With his permission, I am sharing my responses to his questions:

CS: How do you see the situation of the universities from a pedagogical point view? I’m thinking in the situation of teaching-learning processes inside these big institutions.

JM: From a pedagogical viewpoint, universities have invested too much in a monocultural approach to education. Most universities are using the same methods to teach all the same stuff. This is very dangerous as the world is changing so quickly that entire fields and bodies of knowledge risk being outdated/outmoded very quickly.

I believe that we need to start to expand the ecology of options that we have in higher education, including pedagogical approaches. Otherwise, we run the risk of failing universally.

CS: Why do you think it’s so difficult to change the teaching-learning practices in the universities?

JM: I think change is difficult within universities because we rely heavily on academic “traditions” that are built on faulty assumptions of teaching and learning. Some of most troubling assumptions (which are not based on science) include:

  • Motivation: We assume students must be externally motivated to learn, otherwise they would not learn anything. This is akin to assuming the natural state of humans is laziness and non-curious.
  • Age segregation: We assume people learn best when segregated by age or ability. We tend to compartmentalize education into certain discrete levels (i.e., primary, secondary, and tertiary education), and further segregate students by age. There is very little reason to support this practice, and evidence suggests that cross age/ability integration enhances students’ learning.
  • Power structures: We assume that the only “qualified” knowledge generators are the teachers at the head of the classroom, who download knowledge into students’ heads. In today’s world where the magnitude of change is accelerating at an exponential pace, information and knowledge is always in flux. Rather than relying on static “experts,” we need to start recognizing and attending to new power structures where we all serve as co-learners and co-teachers.

The good news is that “traditions” are things that we invent all the time. I am optimistic that we can create new traditions that are relevant to modern society.

CS: How can we improve the teaching-learning processes in the universities?

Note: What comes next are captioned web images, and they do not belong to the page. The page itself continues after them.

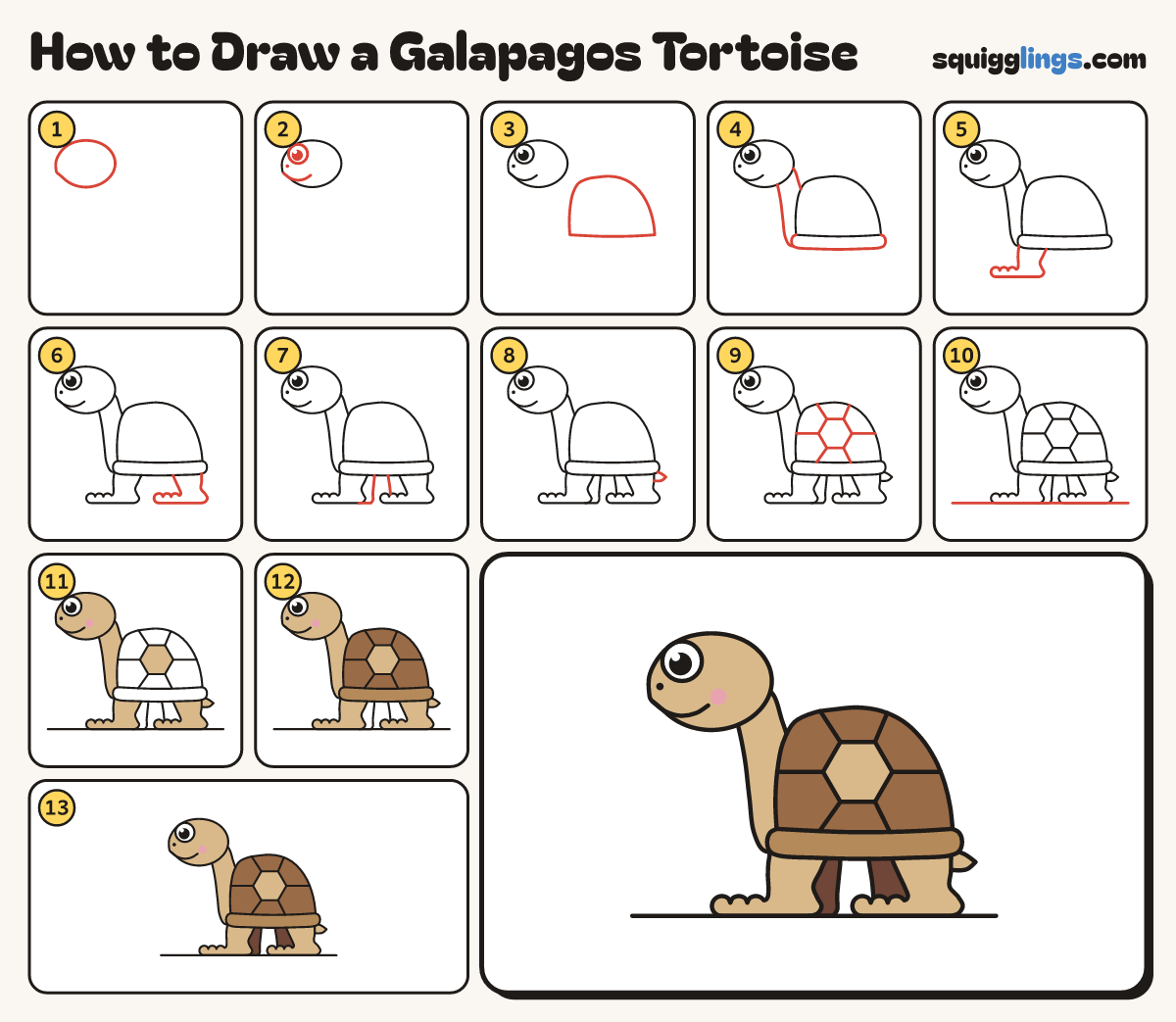 How to Draw a Galapagos Tortoise step by step: all 13 steps in one picture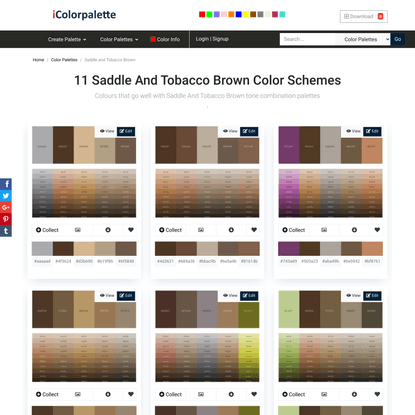 11 Latest Color Schemes with Saddle And Tobacco Brown Color tone combinations | 2022 | iColorpalette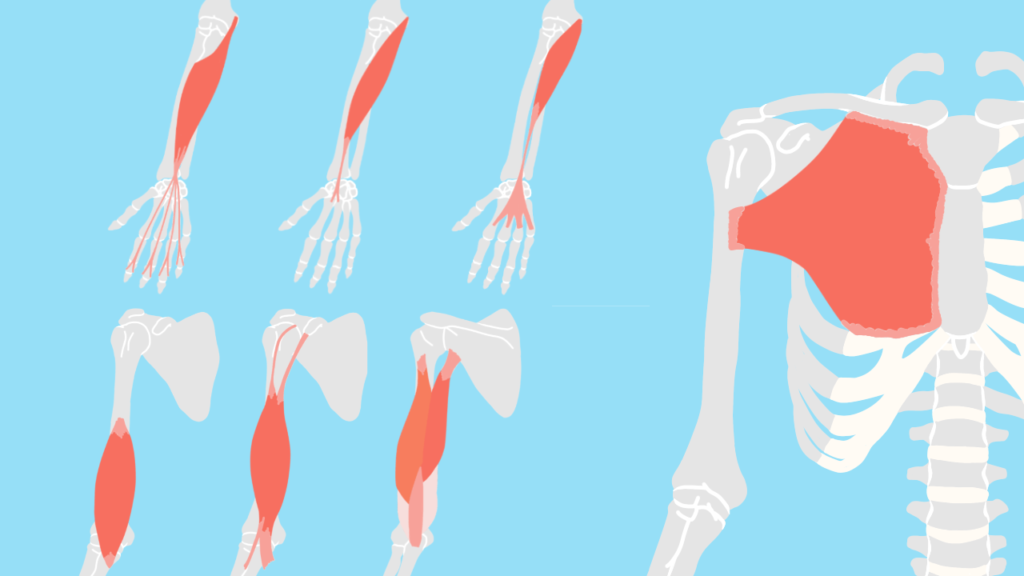 上肢の機能解剖学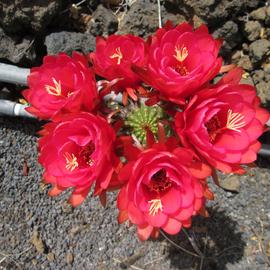 Rote Kaktusblüten
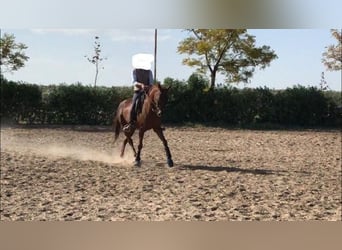 Anglo arabe, Hongre, 11 Ans, 170 cm, Alezan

JM: I think we should look at new uses for software and social technologies to enable all participants at universities to become life-long co-teachers as well as co-learners. This means that students (and teachers) need to stop behaving as consumers of education, but become creators, producers, and prosumers. At the same time, learning needs to become more immersive and personally-meaningful (subjective experiences) to each learner. This means that we are likely to not have one master narrative for learning at universities, but we may have many different ones, enabling students and faculty to express themselves as postdisciplinary knowledge experts (possessing unique knowledge at the individual level).

CS: Could you please indicate three (3) innovative/disruptive teaching-learning experiences? They could be single practices (i.e. flip teaching) or institutional ones (i.e. Coursera).

JM:

  1. Democratic education: Educational institutions tend to run as dictatorships, and are structured to preserve themselves. By horizontalizing our relationships, and making sure to give each stakeholder an equal voice, we could see significant, positive disruption as students and faculty become co-responsible for attending to all aspects of the educational experience.
  2. Quest-based learning: Thieu Besselink wrote an excellent chapter on this in Knowmad Society: http://www.knowmadsociety.com
  3. Co-teaching: This is best expressed by what E-180 and the Shibuya University Network already engage in.

CS: How do you imagine the university of the future? Please indicate three (3) characteristics.

JM: This question is perhaps faulty in that it assumes that we will have universities in the future. Maybe you should start with the question: Does the future need universities?

Let’s assume that the future does need universities. In that case, I envision near-future institutions will operate in an environment where…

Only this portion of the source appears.